Avverso la sentenza ha proposto ricorso il Procuratore Generale distrettuale, deducendo la violazione dell’art. 99, quarto comma, cod. pen. per avere il Tribunale, nella determinazione della pena, aumentato quella base fissata in sei mesi di reclusione sino a nove mesi, erroneamente applicando un aumento della metà e non di due terzi, derivante dalla rituale contestazione della recidiva qualificata.
CONSIDERATO IN DIRITTO
Il ricorso è fondato e merita accoglimento.

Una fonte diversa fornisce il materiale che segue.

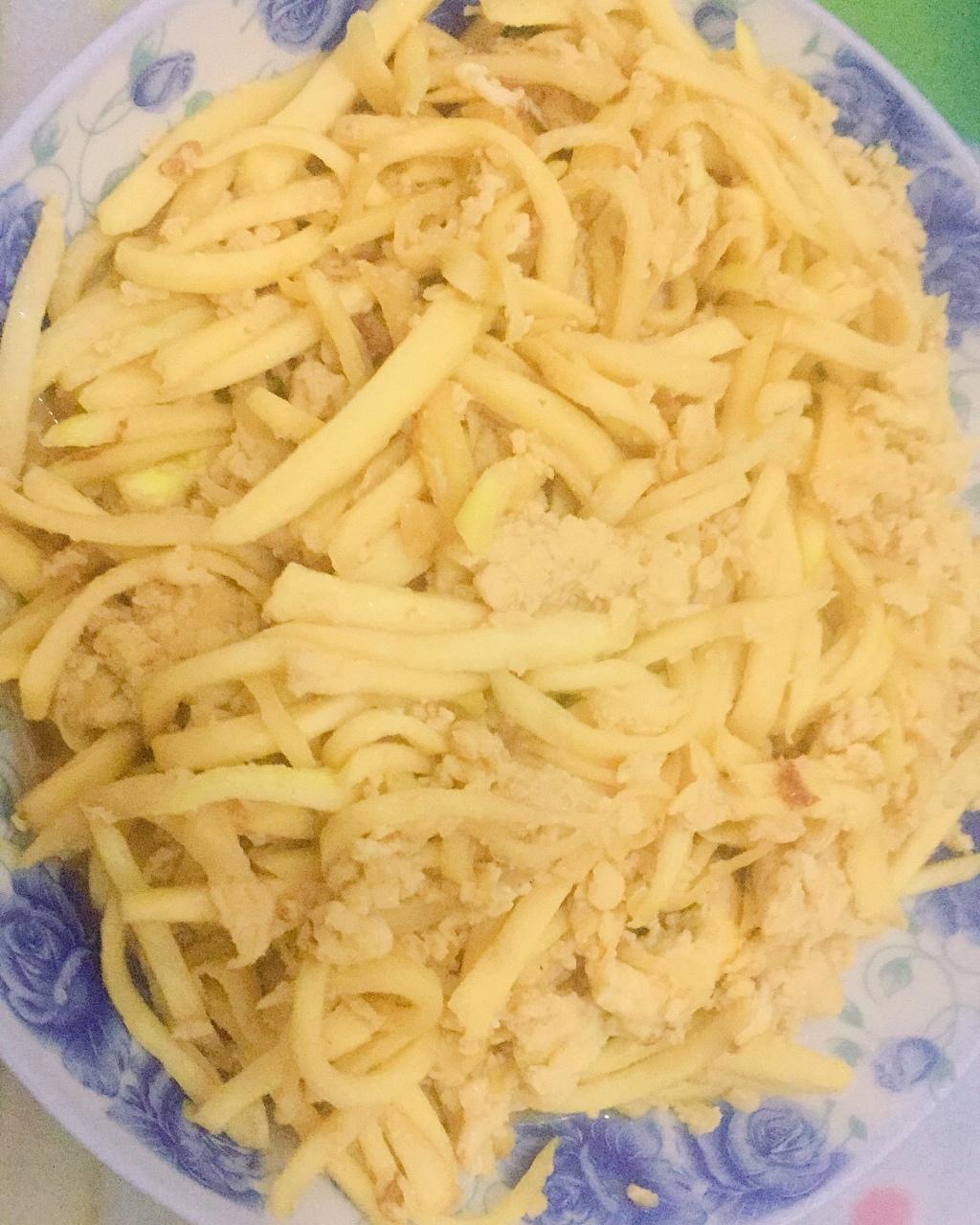 茭白丝炒蛋
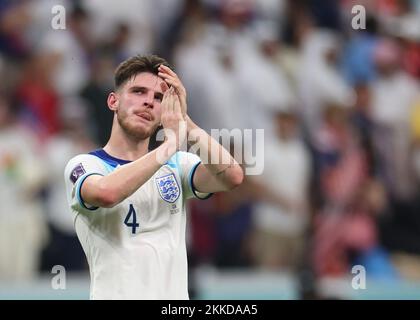 Al Khor, Qatar. 25th Nov, 2022. Declan Rice of England acknowledges the spectators after the Group B match between England and the United States at the 2022 FIFA World Cup at Al Bayt Stadium in Al Khor, Qatar, Nov. 25, 2022. Credit: Li Ming/Xinhua/Alamy Live News Stock Photo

Nel disporre l’aumento a titolo della ritenuta recidiva qualificata di cui all’art. 99, quarto comma, cod. pen. il giudicante lo ha erroneamente calcolato nella misura di tre mesi (metà) anziché di quattro mesi (due terzi) rispetto alla misura della pena base, individuata in sei mesi di reclusione, su cui ha poi applicato un ulteriore aumento di tre mesi a titolo di continuazione interna.
La sentenza impugnata va, pertanto, annullata limitatamente alla pena, che va rideterminata ai sensi dell’art. 620, lett. I), cod. proc. pen. nella misura di un anno e un mese di reclusione.
Annulla senza rinvio la sentenza impugnata e visto l’art. 620, comma 1, lett. I) cod. proc. pen. ridetermina la pena in complessivi un anno e un mese di reclusione.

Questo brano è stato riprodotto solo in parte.